The David Glass production reviewed in The Guardian

Once read, never forgotten, Mervyn Peake's dark trilogy about the downfall of the ancient, inbred house of Gormenghast is one of those adolescent rites-of-passage works. It is impossible not to identify with the young Titus, 77th Earl of Groan and heir to Gormenghast, struggling against the machinations of Steerpike, the put-upon kitchen boy turned valet, whose rise up the greasy pole of power appears unstoppable.

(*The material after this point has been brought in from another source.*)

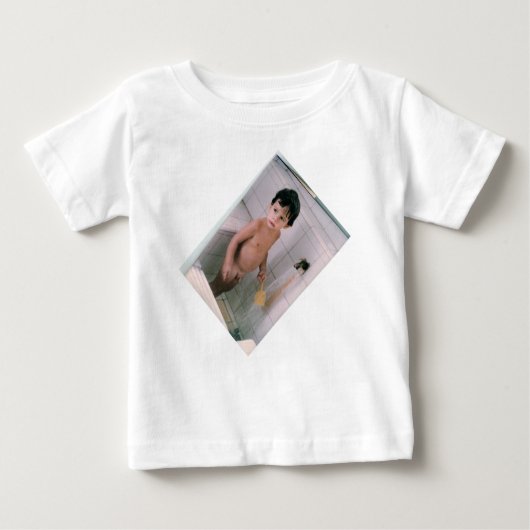Blusa de menino de 18 meses de idade com estampa. ベビーTシャツ (正面)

David Glass' production sometimes suffers from as much misplaced ambition as Steerpike himself. But in transposing over 1,000 pages of novel into just over two and a half hours, it recognises that Gormenghast is as much a state a mind as an actual place. The stage is almost bare and, for successive scenes, the endless stone corridors of the castle are ingeniously created by handheld backdrops.
This is a production that captures the flavour of the novels, if not quite their nightmarish essence: Eric MacLennan's monstrous and murderous Swelter, the master cook, is a little too well-behaved to be really gruesome.

It seems the need to tell the story keeps getting in the way of Glass's desire to create startling visual images. When the two come together, it is magnificent: the discovery of the aunts' mummified bodies and the labyrinthine corridors are niftily done.